Benjamin T. O. Hubbard v. Thomas Rankin, Sr.

1. Fraud and circumvention—defense of good against bona fide purchaser of note. If the execution of a promissory note is obtained by fraud and circumvention, it is void even in the hands of a bona fide holder, and whether such holder had notice of the defense or not, is wholly immaterial, and it is also immaterial whether the maker offered to restore what he received under the contract he supposed he was making.

2. Same—what amounts to. If a person is induced to sign a paper under the belief it is for his appointment as agent to sell a patent right, which in fact turns out to be a promissory note, which he had no idea of executing, and he is guilty of no negligence on his part, the note will be void, as having been obtained through fraud and circumvention.

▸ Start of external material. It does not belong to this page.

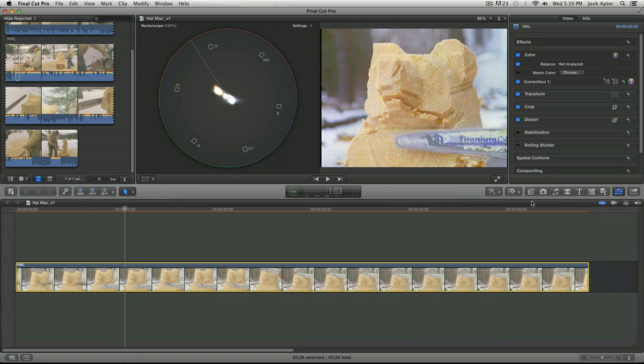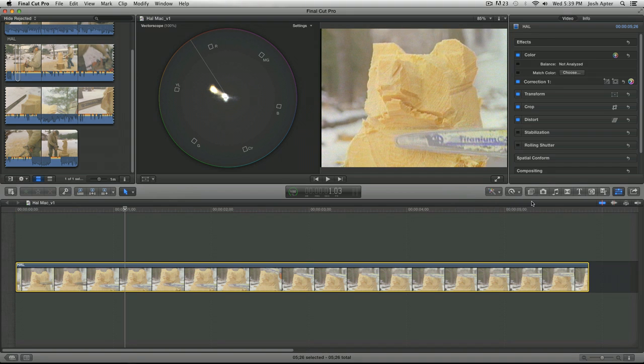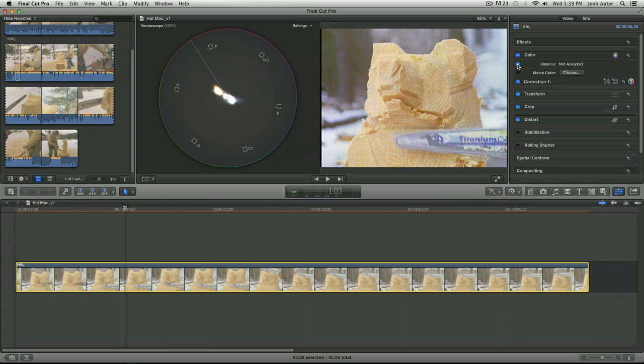I'm gonna hit command Z to undo that and I'll do that in a second way. I'm gonna go to my inspector, you can see right here it says balance, and I'm gonna select the little blue LED light right next to it and that will also balance the color.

3. Evidence—preponderance does not depend upon the number of the witnesses. It does not follow, from the fact that two witnesses to the same transaction testify in direct opposition to each other, that there is no preponderance of evidence in favor of the party'holding the affirmative of the issue, as suph a rule would rob the jury of their peculiar province of judging of the credibility of the witnesses.

Appeal from the Circuit Court of Warren county; the Hon. Arthur A. Smith, Judge, presiding.

This was an action of assumpsit, by Hubbard against Bankin, upon a promissory note, which was indorsed to the *130plaintiff. The defendant, in his pleas, set up that the execution of the note was procured through fraud and circumvention. The other material facts are sufficiently stated in the opinion of the court. The defendant recovered judgment for costs, and the plaintiff appealed.

Mr. John J. Glenn, for the appellant.

Messrs. Stewart, Phelps & Stewart, for the appellee.

Mr. Justice McAllister

delivered the opinion of the Court:

The real question tried was, whether the execution of the note sued on was obtained by fraud or circumvention. Appellant sued as assignee. If the execution of the note was obtained by fraud, it was immaterial whether appellant had notice of the defense or not, and it was immaterial whether appellee offered to restore everything he received under the contract he supposed he was making. If so obtained, the instrument was simply void, because appellee never made it. The mind did not accompany the act, and the statute authorizes the defense to be made against a bona fide holder.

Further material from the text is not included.